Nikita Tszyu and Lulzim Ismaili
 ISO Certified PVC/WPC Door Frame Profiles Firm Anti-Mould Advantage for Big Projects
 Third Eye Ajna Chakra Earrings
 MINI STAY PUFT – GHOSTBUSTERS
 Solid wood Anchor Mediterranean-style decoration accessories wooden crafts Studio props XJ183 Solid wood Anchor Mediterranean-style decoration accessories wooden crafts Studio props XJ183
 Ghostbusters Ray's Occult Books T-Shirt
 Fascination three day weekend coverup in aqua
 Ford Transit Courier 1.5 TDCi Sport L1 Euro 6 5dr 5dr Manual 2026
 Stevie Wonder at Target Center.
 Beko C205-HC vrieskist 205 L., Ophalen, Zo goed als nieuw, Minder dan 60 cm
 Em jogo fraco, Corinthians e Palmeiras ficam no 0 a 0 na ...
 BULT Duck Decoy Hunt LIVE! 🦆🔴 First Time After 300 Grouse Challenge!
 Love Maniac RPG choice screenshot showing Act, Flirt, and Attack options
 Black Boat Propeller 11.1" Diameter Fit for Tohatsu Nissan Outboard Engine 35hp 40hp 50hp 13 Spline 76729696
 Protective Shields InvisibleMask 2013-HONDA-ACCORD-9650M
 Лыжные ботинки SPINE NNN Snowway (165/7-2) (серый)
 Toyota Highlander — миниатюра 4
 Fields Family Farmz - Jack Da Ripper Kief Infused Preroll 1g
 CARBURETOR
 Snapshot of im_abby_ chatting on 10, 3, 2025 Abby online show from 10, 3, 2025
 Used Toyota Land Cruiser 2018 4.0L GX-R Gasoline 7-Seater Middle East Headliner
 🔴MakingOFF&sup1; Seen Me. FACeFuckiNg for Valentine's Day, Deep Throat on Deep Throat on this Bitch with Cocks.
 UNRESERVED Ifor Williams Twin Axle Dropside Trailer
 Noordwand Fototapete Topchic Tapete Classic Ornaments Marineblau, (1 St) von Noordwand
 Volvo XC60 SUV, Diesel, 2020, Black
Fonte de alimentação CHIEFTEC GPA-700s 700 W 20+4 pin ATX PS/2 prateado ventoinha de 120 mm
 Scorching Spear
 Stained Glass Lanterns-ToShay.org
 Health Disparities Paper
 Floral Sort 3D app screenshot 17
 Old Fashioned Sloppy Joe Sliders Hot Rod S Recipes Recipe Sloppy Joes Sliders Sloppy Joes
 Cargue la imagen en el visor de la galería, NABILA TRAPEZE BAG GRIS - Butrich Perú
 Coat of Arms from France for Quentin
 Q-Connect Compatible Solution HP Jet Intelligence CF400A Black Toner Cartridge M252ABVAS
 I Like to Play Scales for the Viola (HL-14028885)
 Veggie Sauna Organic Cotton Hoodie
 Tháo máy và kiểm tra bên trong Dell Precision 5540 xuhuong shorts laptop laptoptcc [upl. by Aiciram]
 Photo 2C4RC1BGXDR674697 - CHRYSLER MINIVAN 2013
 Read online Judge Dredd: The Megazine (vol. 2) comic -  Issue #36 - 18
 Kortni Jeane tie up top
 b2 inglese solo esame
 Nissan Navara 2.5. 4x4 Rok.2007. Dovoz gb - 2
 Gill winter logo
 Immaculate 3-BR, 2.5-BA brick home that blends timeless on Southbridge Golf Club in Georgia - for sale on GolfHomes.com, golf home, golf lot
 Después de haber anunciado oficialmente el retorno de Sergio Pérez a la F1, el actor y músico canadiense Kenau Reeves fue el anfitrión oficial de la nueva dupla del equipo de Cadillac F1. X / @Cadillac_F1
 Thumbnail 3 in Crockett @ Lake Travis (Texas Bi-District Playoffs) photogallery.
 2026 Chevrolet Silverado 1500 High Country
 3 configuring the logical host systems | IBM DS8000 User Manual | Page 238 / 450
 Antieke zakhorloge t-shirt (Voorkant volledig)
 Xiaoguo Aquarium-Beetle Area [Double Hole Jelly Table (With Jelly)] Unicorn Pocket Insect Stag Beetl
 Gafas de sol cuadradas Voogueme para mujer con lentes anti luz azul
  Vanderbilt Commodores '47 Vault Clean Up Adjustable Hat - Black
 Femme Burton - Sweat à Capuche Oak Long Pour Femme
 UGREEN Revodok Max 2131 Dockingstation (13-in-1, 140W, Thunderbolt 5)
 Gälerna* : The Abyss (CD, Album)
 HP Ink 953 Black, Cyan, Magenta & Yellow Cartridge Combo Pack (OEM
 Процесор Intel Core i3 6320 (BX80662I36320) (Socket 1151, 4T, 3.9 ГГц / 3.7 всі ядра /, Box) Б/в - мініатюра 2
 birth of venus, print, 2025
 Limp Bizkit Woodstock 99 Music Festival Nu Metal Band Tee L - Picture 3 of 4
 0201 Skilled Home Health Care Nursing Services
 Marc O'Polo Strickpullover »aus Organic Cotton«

• • • •

(Task item): Considering only the material above, set down every line from the one with "3 configuring the" to the one with "birth of venus, print, 2025", inclusive, exactly as written.

(Answer to the problem):
 3 configuring the logical host systems | IBM DS8000 User Manual | Page 238 / 450
 Antieke zakhorloge t-shirt (Voorkant volledig)
 Xiaoguo Aquarium-Beetle Area [Double Hole Jelly Table (With Jelly)] Unicorn Pocket Insect Stag Beetl
 Gafas de sol cuadradas Voogueme para mujer con lentes anti luz azul
  Vanderbilt Commodores '47 Vault Clean Up Adjustable Hat - Black
 Femme Burton - Sweat à Capuche Oak Long Pour Femme
 UGREEN Revodok Max 2131 Dockingstation (13-in-1, 140W, Thunderbolt 5)
 Gälerna* : The Abyss (CD, Album)
 HP Ink 953 Black, Cyan, Magenta & Yellow Cartridge Combo Pack (OEM
 Процесор Intel Core i3 6320 (BX80662I36320) (Socket 1151, 4T, 3.9 ГГц / 3.7 всі ядра /, Box) Б/в - мініатюра 2
 birth of venus, print, 2025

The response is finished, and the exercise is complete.